But there’s no other alternative. A team cannot just sit still as its rival first of all erodes your initial advantage and subsequently reverses it. Ferrari’s response with its heavily updated car and whether it can halt or reverse Red Bull’s recent gains could define whether we have the close title fight that these first few races have promised.
For Mercedes the situation is not so much fear of turning a good thing bad as hope of the opposite. The upgrade is physically extensive, the floor quite different to before. But how well have the car’s underlying problems been understood? There’s a theoretical rocketship in the ‘zero sidepod’ W13 but that simulated performance hasn’t yet come close to being replicated in the real world. Is it forever unachievable, with a concept just fundamentally wrong? Or is there a big chunk of performance there just waiting to be teased out with the right tweak?
Meantime, Red Bull and Max Verstappen have the ability to blitz an entire weekend with a car relatively immune from porpoising yet still producing very good downforce, the elusive combination chased by the others. Put such a car in the hands of Verstappen and he can take the field apart. But it’s sometimes a little fragile.
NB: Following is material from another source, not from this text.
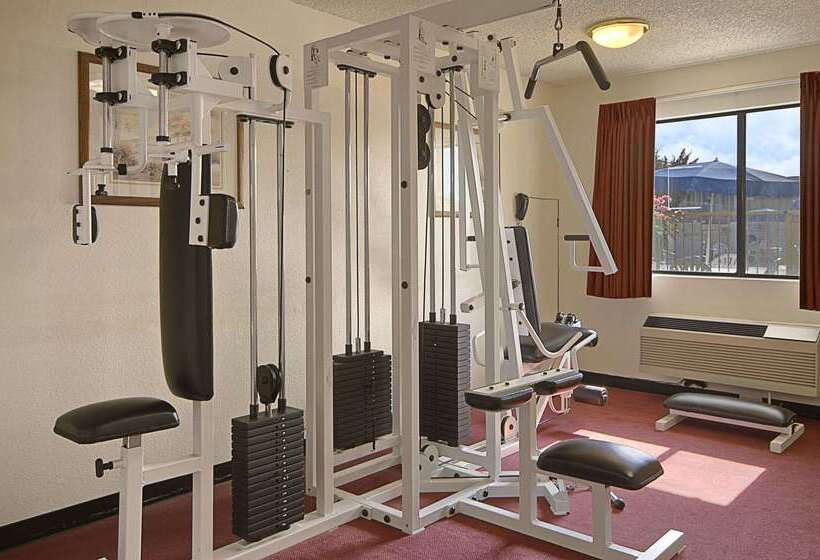 Отель Days Inn By Wyndham Fresno South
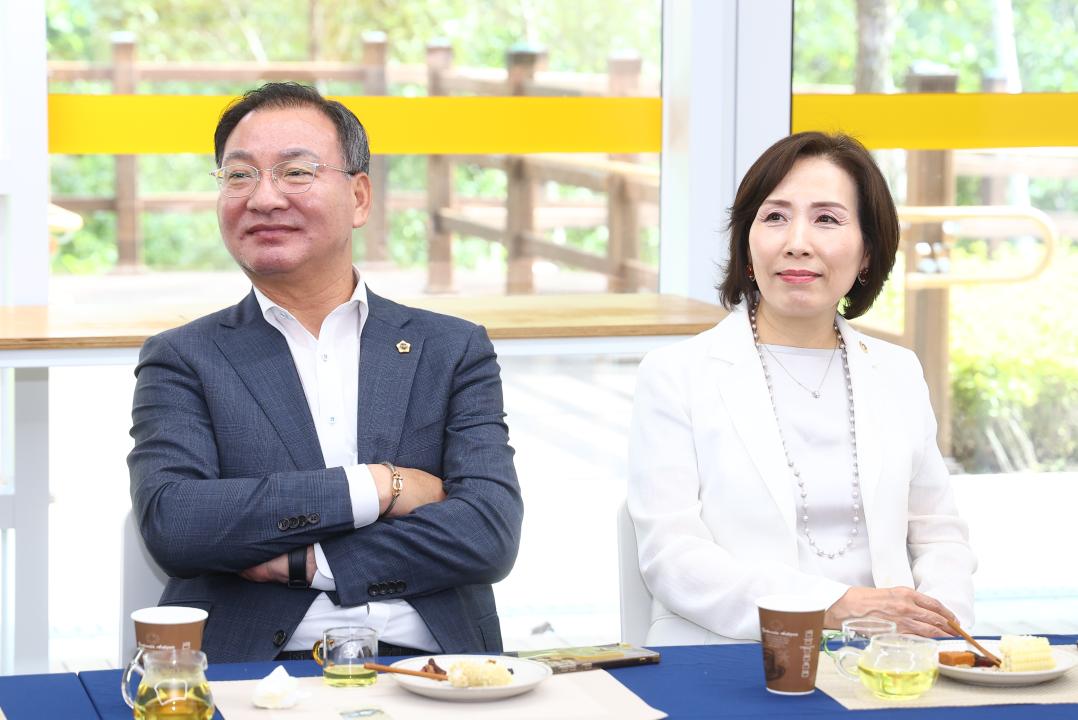 '대한민국시도의회운영위원장협의회 제11대 전반기 제9차 정기회' 게시글의 사진(27) '2025-08-21 대한민국시도의회운영위원장협의회 제11대 전반기 제9차 정기회 (27).jpg'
Furthermore, with all the performance the team has put on the RB18 already, how much can be left, given the imposed cost constraint? “There’s plenty left in the tank,” assured Verstappen to F1 yesterday. Which potentially sounds a little ominous for the others and the complexion of the season could very well be one of Red Bull domination after a shaky start. But not if either – or both – sets of developments on the Ferrari and Mercedes hit paydirt. Today at Barcelona is when we begin to find out.